Location: Plant, Soil and Nutrition ResearchTitle: Signal coordination prior to, during, and after stomatal closure in response to drought stress
|HUBER, ANNIKA - Cornell University|
|MELCHER, PETER - Ithaca College|
|SETTER, TIMOTHY - Cornell University|
|BAUERLE, TARYN - Cornell University|
Submitted to: New Phytologist
Publication Type: Peer Reviewed Journal
Publication Acceptance Date: 7/22/2019
Publication Date: 7/31/2019
Citation: Huber, A., Melcher, P., Pineros, M., Setter, T., Bauerle, T. 2019. Signal coordination prior to, during, and after stomatal closure in response to drought stress. New Phytologist. 224:675-688.

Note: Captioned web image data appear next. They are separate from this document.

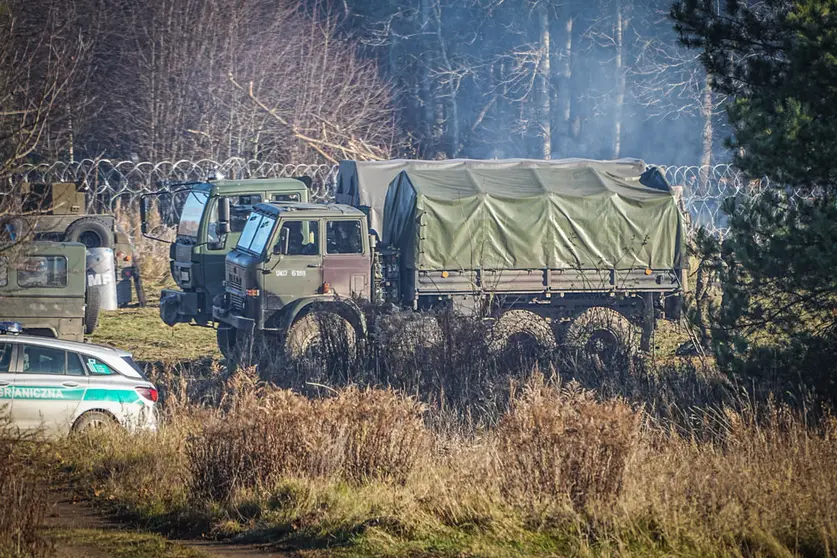 Polish army vehicles stand on the barbed wire border between Poland and Belarus near the Kusnica border crossing. The migration crisis at the Poland-Belarus border with refugees trying to enter the European Union via Belarus worsened on Monday, with Belarusian authorities saying that many hundreds of migrants had arrived at the border, and Poland reporting that some had already tried to break through. Photo: Michael Kappeler/dpa.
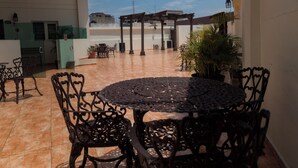 An outdoor patio with a round table and chairs, a pergola, and potted plants. - Hotel Alcazar (Guadalajara)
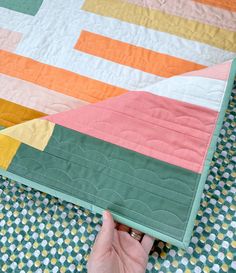 a person is holding up a quilt on the ground with their hand in front of it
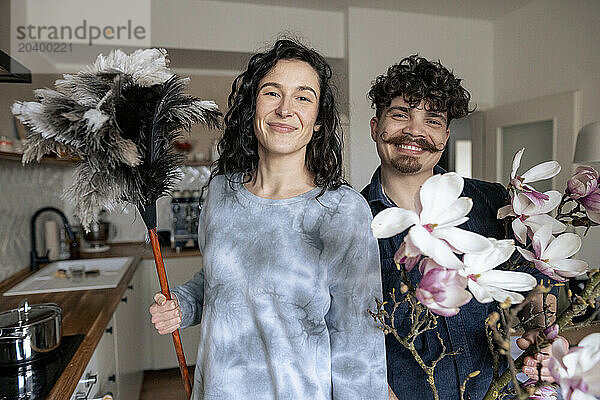 Smiling couple standing in kitchen at home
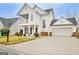 Beautiful two-story home featuring a welcoming front porch, and driveway leading to a two-car garage at 306 Turtle Pointe Dr, Carrollton, GA 30116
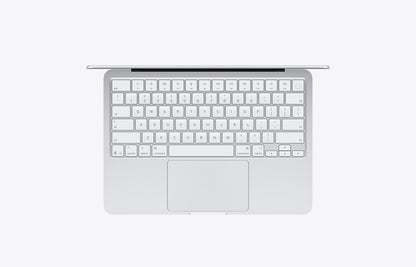 Top view of a silver MacBook with a 512GB storage capacity, showcasing its keyboard and trackpad.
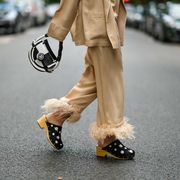 paris, france   july 29 gabriella berdugo wears a beige pyjama suit blazer jacket and matching pants with feathers details at hems from sleepers, black clogs  sandals with floral print, a black and white round checkered bag from balmain, on july 29, 2021 in paris, france photo by edward berthelotgetty images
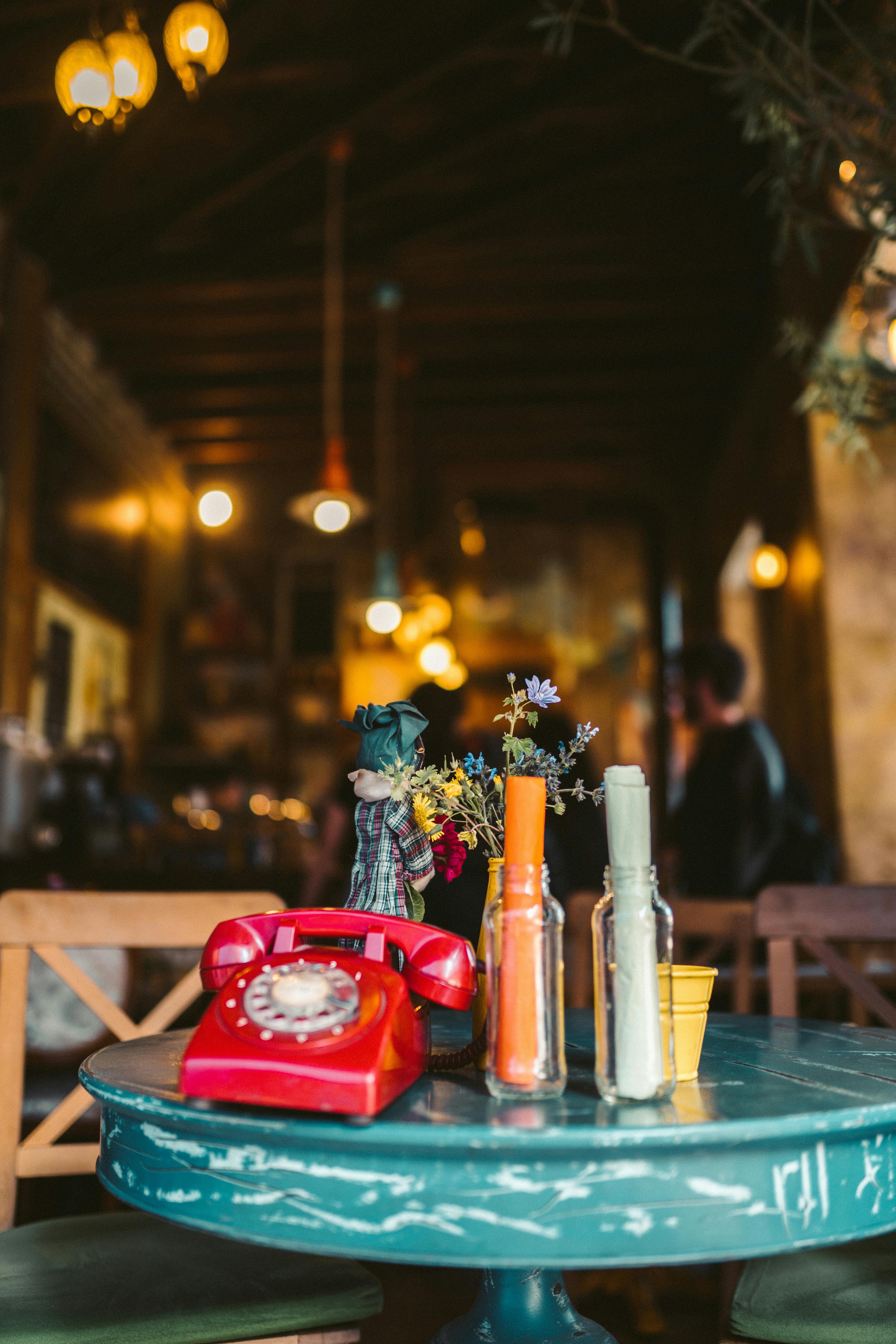 这家咖啡厅内部装饰复古舒适，蓝色桌子上摆着一台红色旋转电话
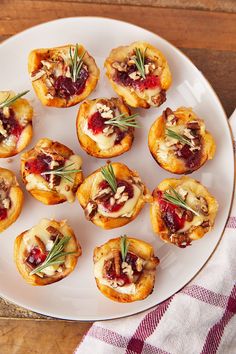 small appetizers are arranged on a white plate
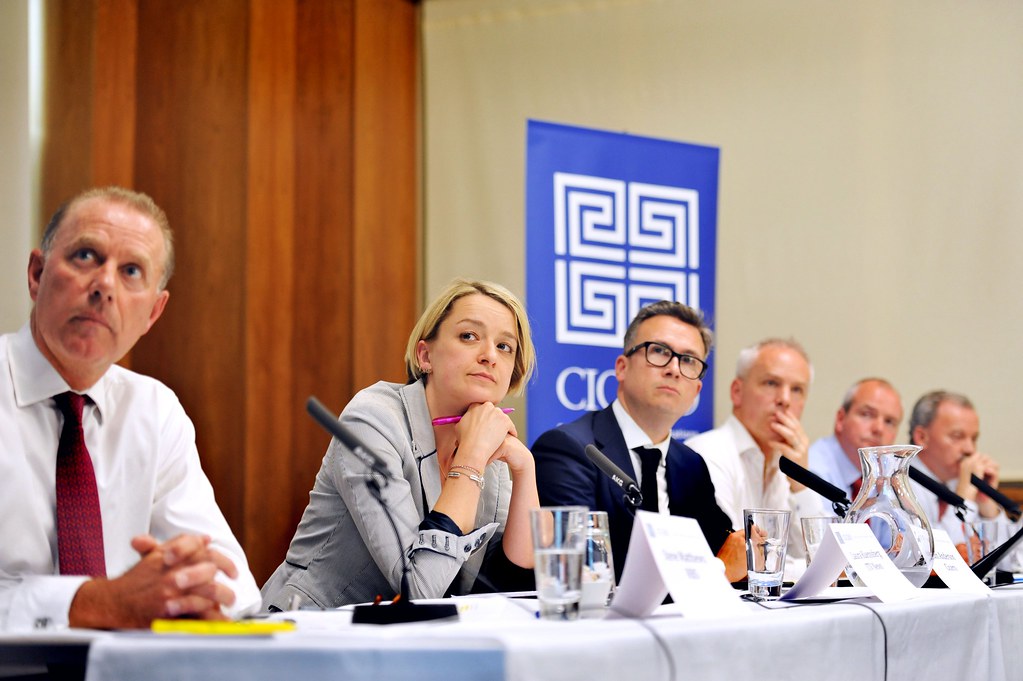 Panel discussion with speakers on stage.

Interpretive Summary: Environmental factors such as low rainfall, extreme temperatures, and salinity, among others, contribute to drought that affects agricultural productivity and food security. However, there is a lack of understanding of the mechanisms that recognize, transmit and decode drought-related stress. Using a multidisciplinary approach, we have investigated the timeline of the appearance and development of long distance, drought-induced signals by simultaneously measuring chemical, electrical and hydraulic–type signals in sunflower plants undergoing various drought stress intensities. We conclude that hydraulic signals, mostly changes in the turgor (rigidity) of leaf cells rather than embolism of the vascular conduits, underlie the early, upstream signals imitating the onset of a wide range of physiological drought related responses. This study provides the basis to understand how crop plants respond and adapt in response to changes in the environment.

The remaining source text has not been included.